### Supplied data
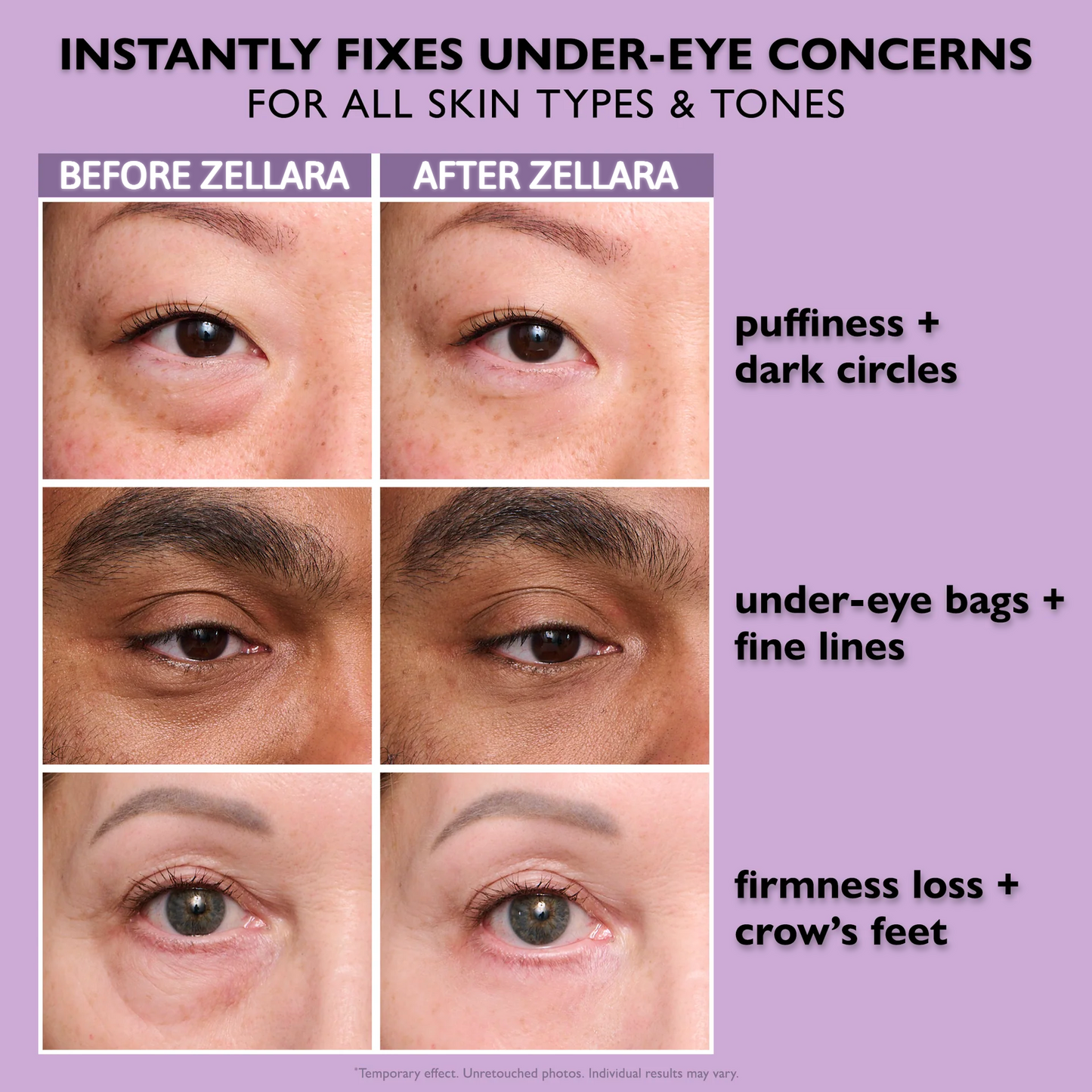 Zellara™ Instant Eye Tightener Cream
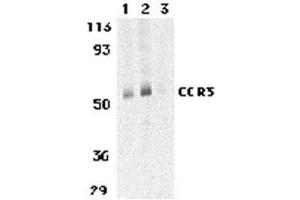 Western blot analysis of CCR3 in human spleen tissue lysates with AP30215PU-N CCR3 antibody at 1 (lane 1) and 2 μg/ml (lane 2), and 2 μg/ml in the presence of blocking peptide (lane 3). (CCR3 Antikörper  (C-Term))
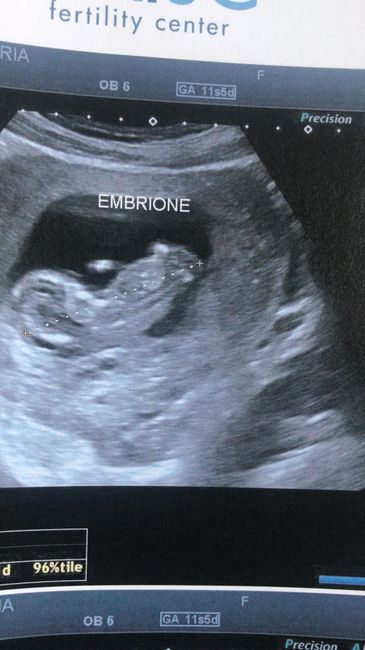 Maschio o femmina ??? - 1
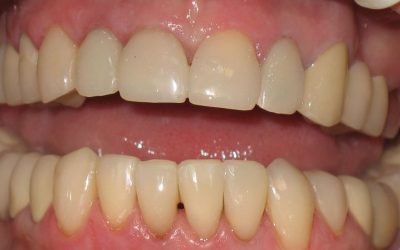 Коронки на передні зуби: основні різновиди, аспекти вибору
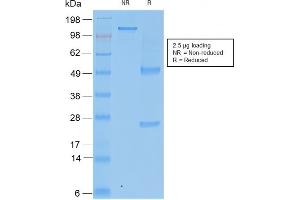 SDS-PAGE Analysis Purified TIMP2 Mouse Recombinant Monoclonal Antibody (rTIMP2/2335). (Recombinant TIMP2 antibody  (N-Term))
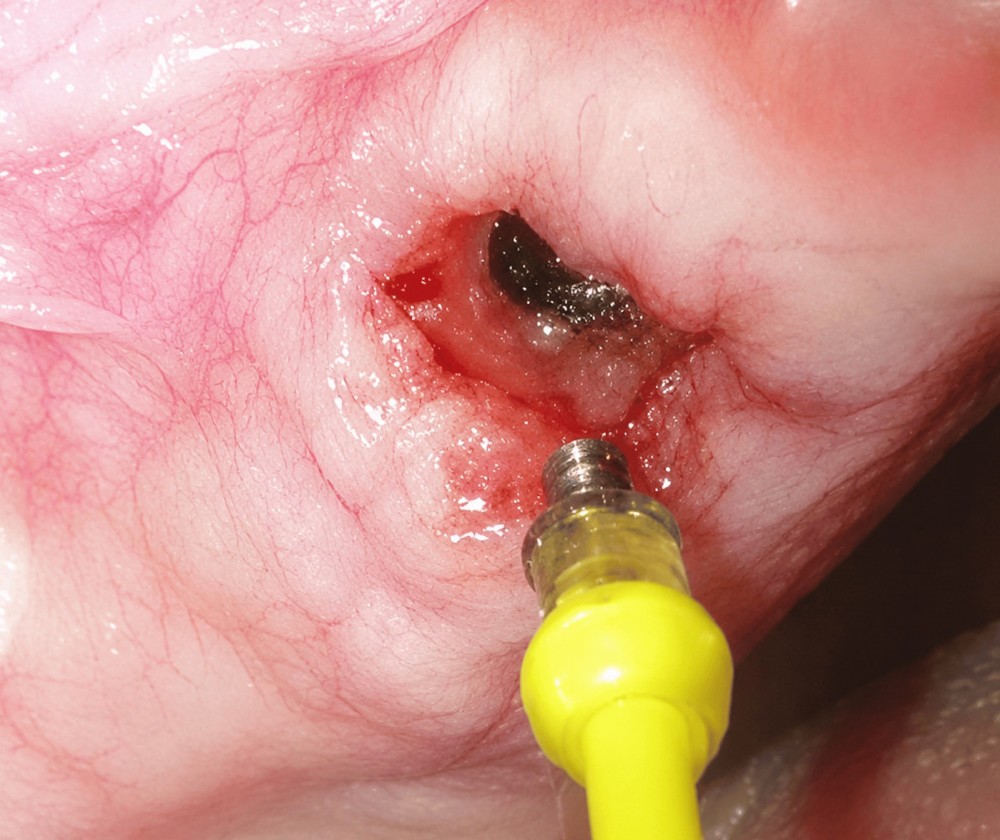 The retrieved fractured screw fragment lifted from the implant connection on an adhesive-tipped applicator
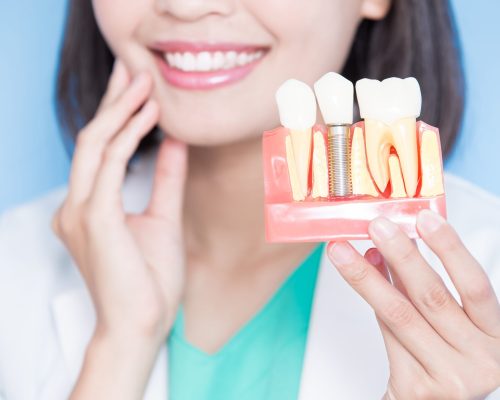 woman dentist take implant tooth and touch tooth on the blue background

### What needs to be done
From the line containing "Maschio o femmina ??? - 1" down to the end of the listing above, every line is to be returned exactly, though the pictures are not.

### Exercise solution
 Maschio o femmina ??? - 1
 Коронки на передні зуби: основні різновиди, аспекти вибору
 SDS-PAGE Analysis Purified TIMP2 Mouse Recombinant Monoclonal Antibody (rTIMP2/2335). (Recombinant TIMP2 antibody  (N-Term))
 The retrieved fractured screw fragment lifted from the implant connection on an adhesive-tipped applicator
 woman dentist take implant tooth and touch tooth on the blue background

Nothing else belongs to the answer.